1. 26
  1. 17

    I still use the not so well known look(1) utility to check the HaveIBeenPwned files. It works like grep, but only searches for prefixes, and since it assumes the input to be sorted (it does a binary search), it’s a LOT faster than grep.

    NAME
        look – display lines beginning with a given string
    
    SYNOPSIS
         look [-df] [-t termchar] string [file ...]
    
    DESCRIPTION
        The look utility displays any lines in file which contain string as a prefix.  As look performs a binary
         search, the lines in file must be sorted.
    
    1. 3

      What about shoving it into SQLite and adding an index?

      1. 3

        That’s what I did, as I went for the simplest possible solution I had in my toolbox. It totally worked, but it did increase the size on disk quite a bit.

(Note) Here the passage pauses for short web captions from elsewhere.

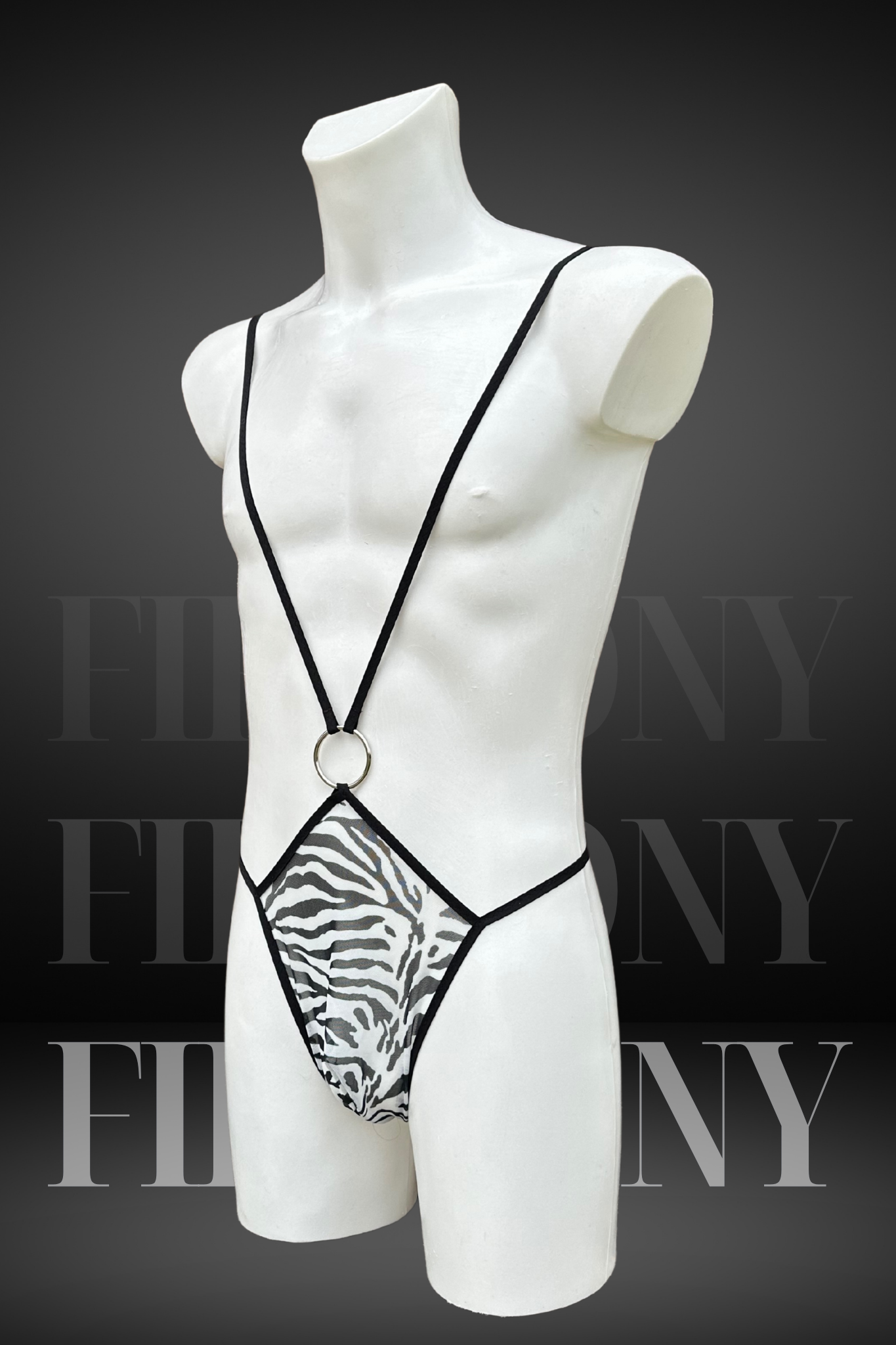 Zebra Print Men's Sling Bodysuit – Extreme Micro G-String One-Piece – Sexy Femboy Lingerie
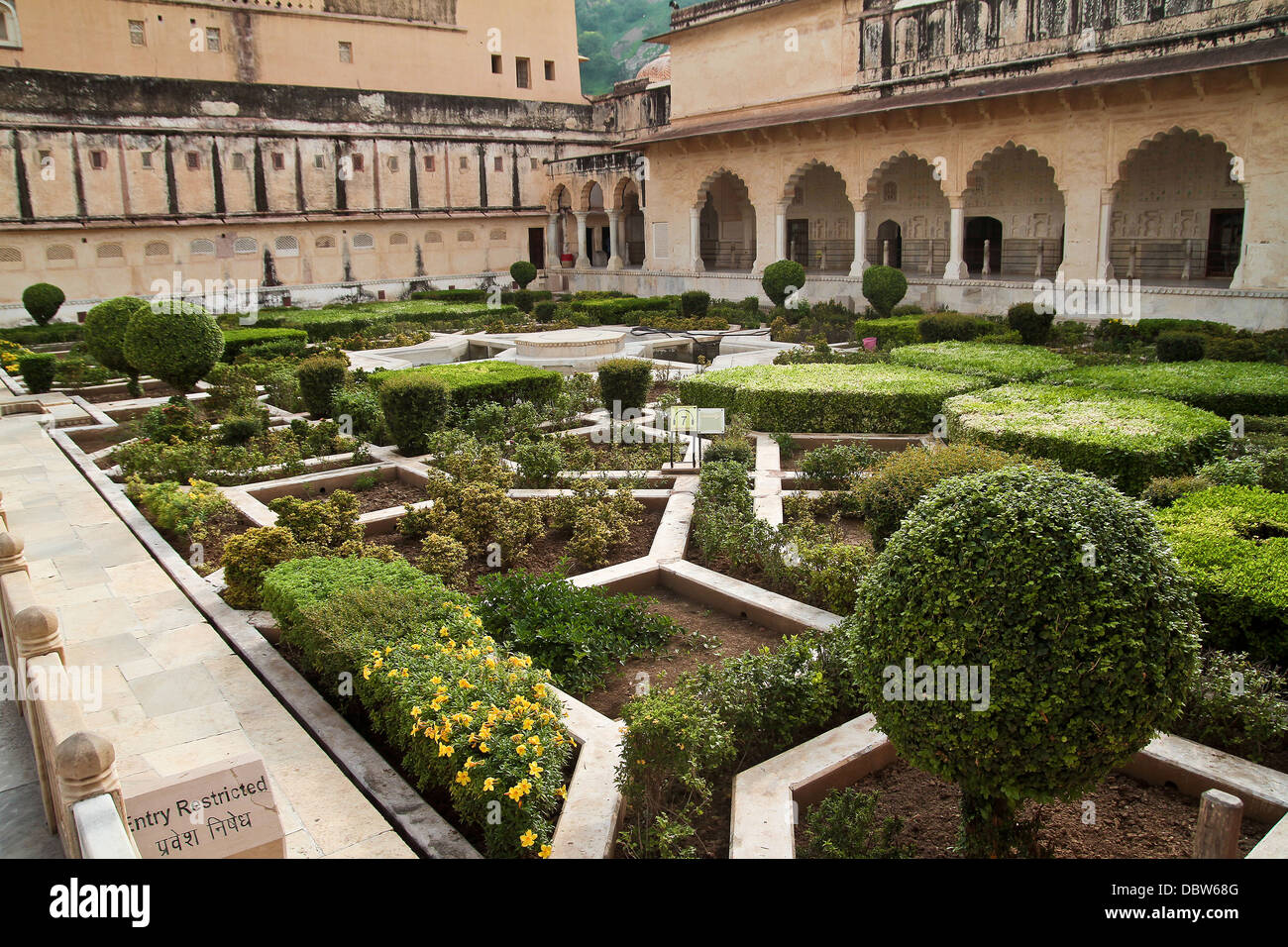 Forte Amer giardini in Jaipur India Foto Stock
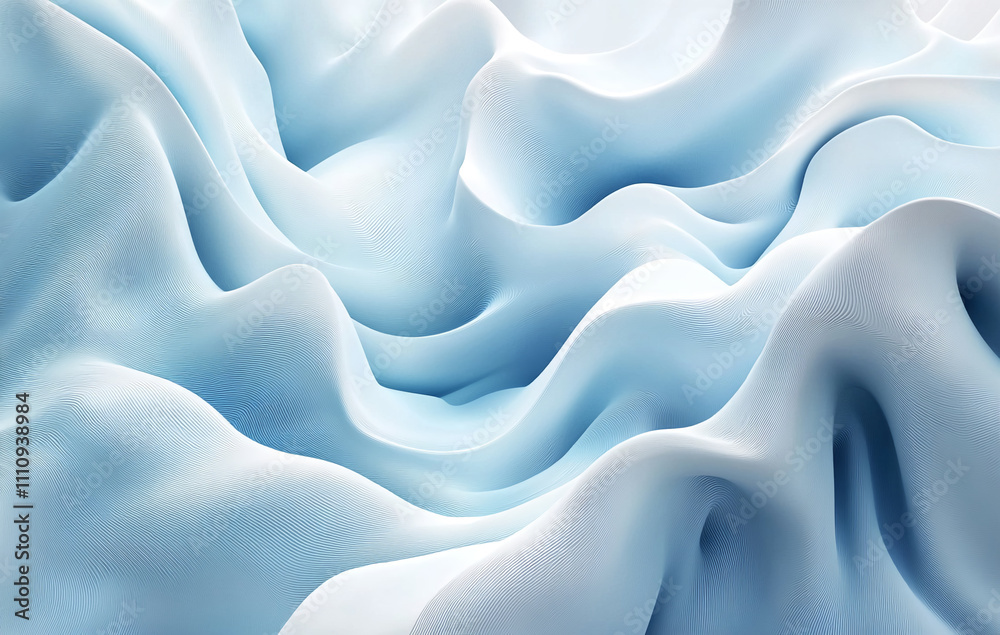 Poster soft blue fabric folds create an elegant and calming texture for design purposes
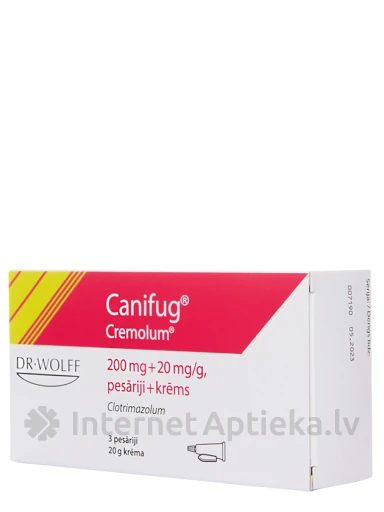 Canifug Cremolum Kombi, vaginālās svecītes 3 gb. + 2% krēms 20 g | internetaptieka.lv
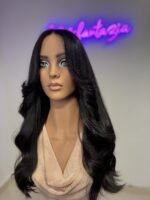 ⁦باروكة طول ٢٤ انش لون طبيعي مايل للأسود⁩ - الصورة ⁦2⁩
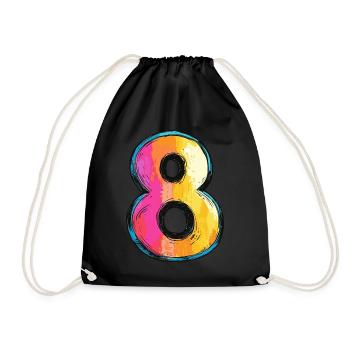 8 Numéro Coloré - Sac de sport léger - noir - Devant
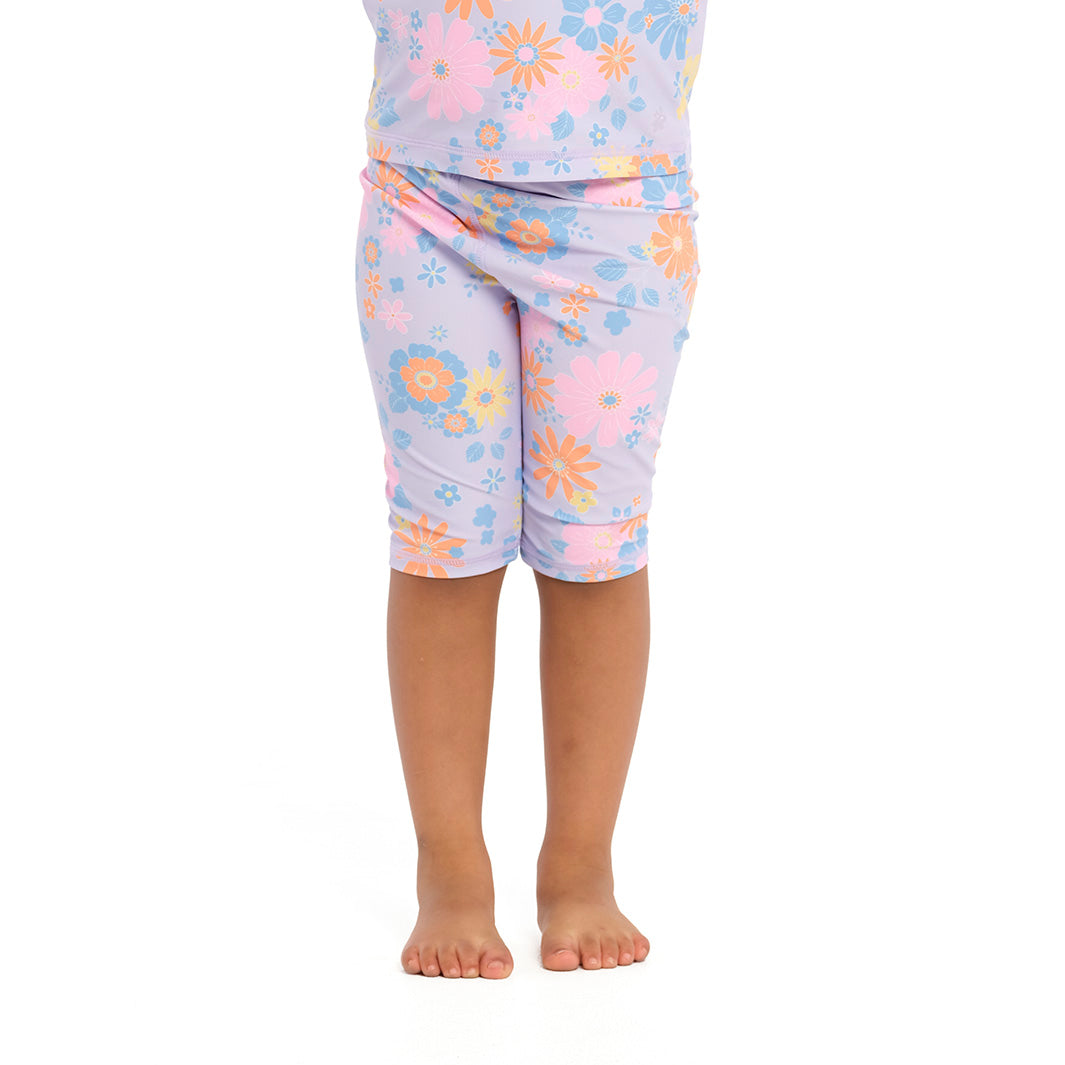 Cancer Council | Floral Heather Swim Shorts - Front | Purple | UPF50+ Protection
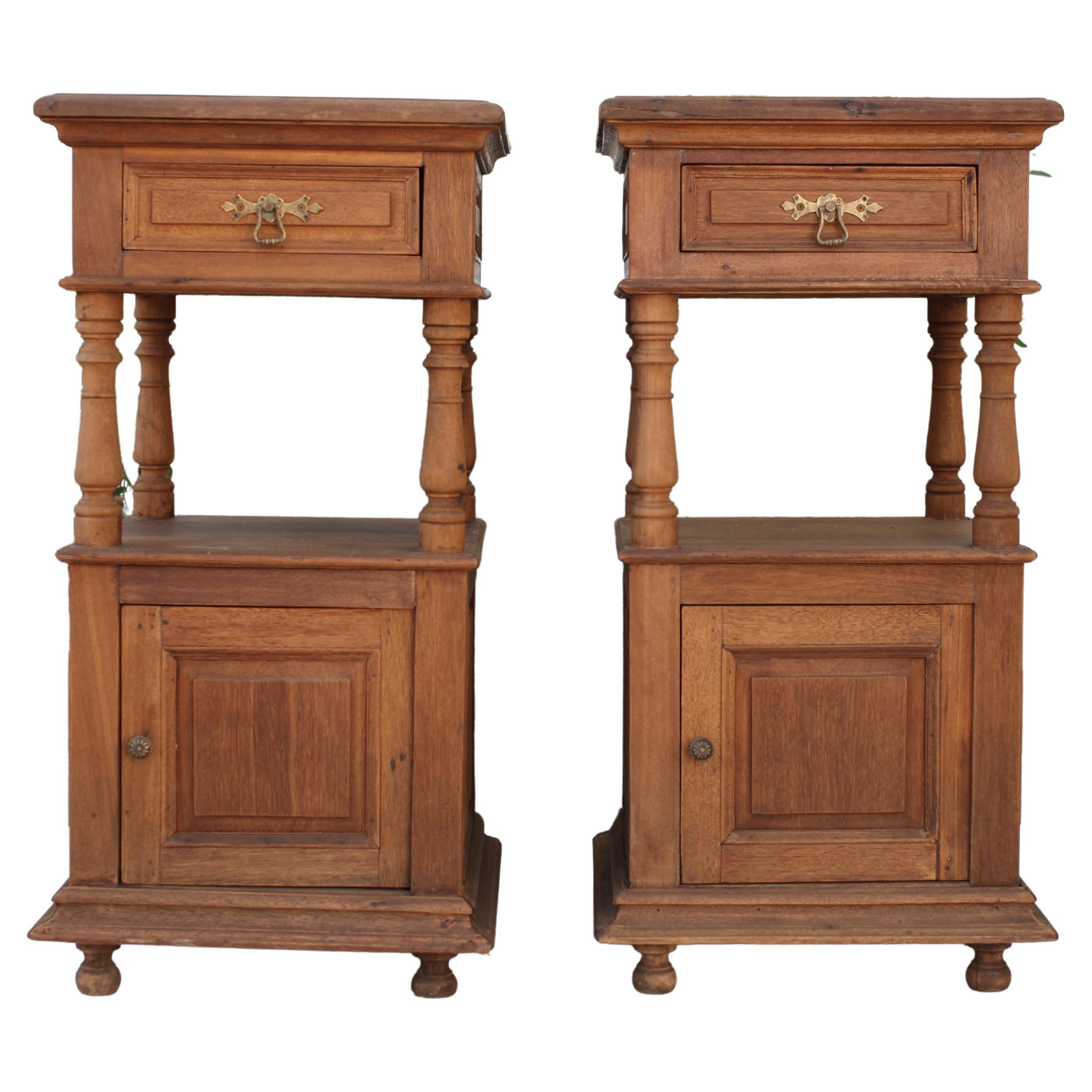 French Colonial Teak Open Bedside Cabinet Turned Corners, 1930's  For Sale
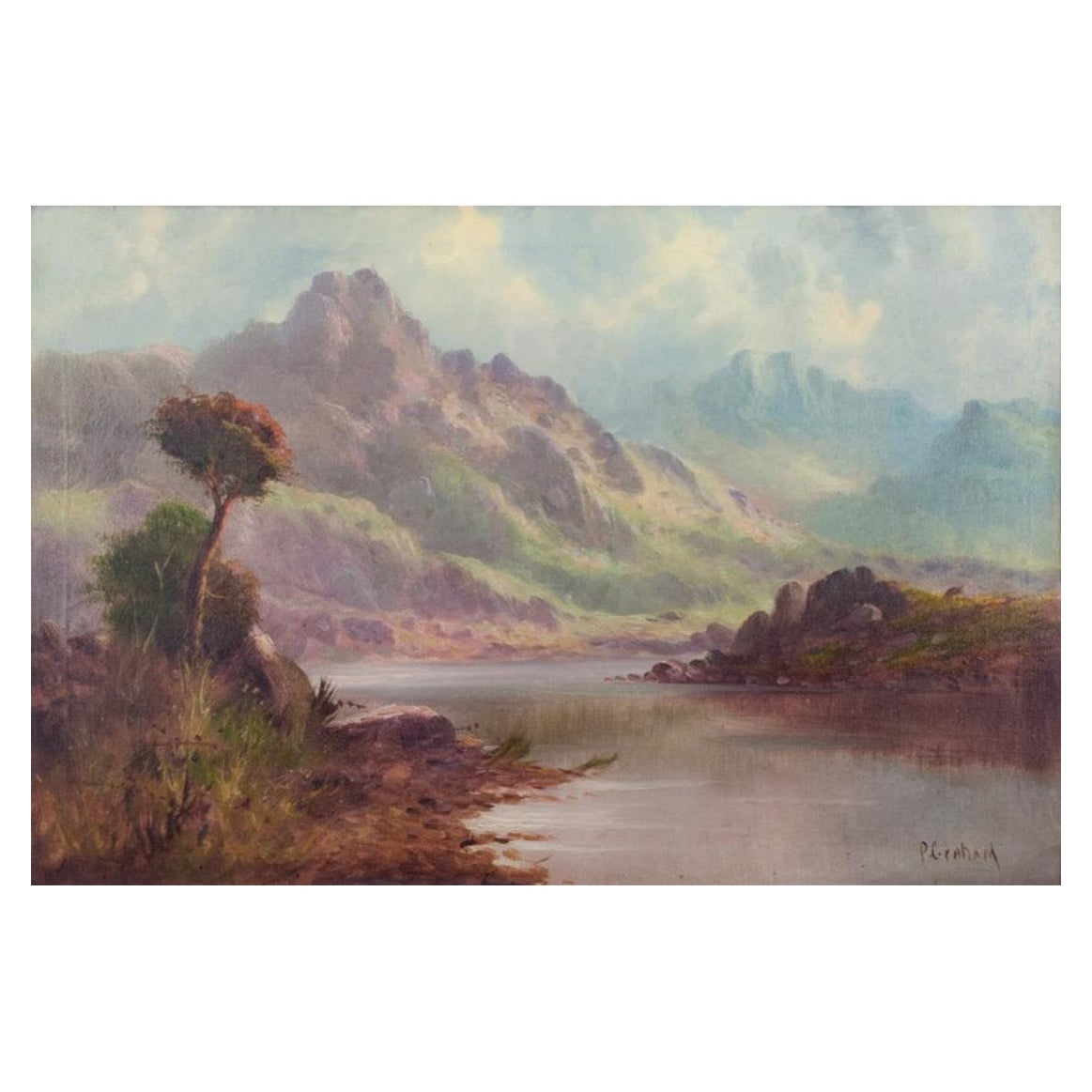Peter Graham (1836-1921).  Oil on canvas. Scottish Highlands. 1880s For Sale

        The look(1) utility is a better answer though.

        1. 1

          That would cost quite a lot more GBs at the very least.

          1. 1

            I’d be curious for someone to try and report timings, but I think that solution has a lot less locality (pretty much anything does, relative to a flat file), so I’d guess it’s significantly slower

            sqlite is relatively efficient but it can do so much more than this type of query. It would be surprising if it was anywhere close to as fast

            I also how wonder a column store (Duck DB?) would perform on this. I think they are more highly optimized for this type of simple query

          2. 3

            How about replacing the binary search with interpolation search? https://en.wikipedia.org/wiki/Interpolation_search It’s the generalized form of your position heuristic.

            1. 1

              A disk-block-aware approach (request 4096 bytes at a time and scan the entire block) would probably help a bit as well.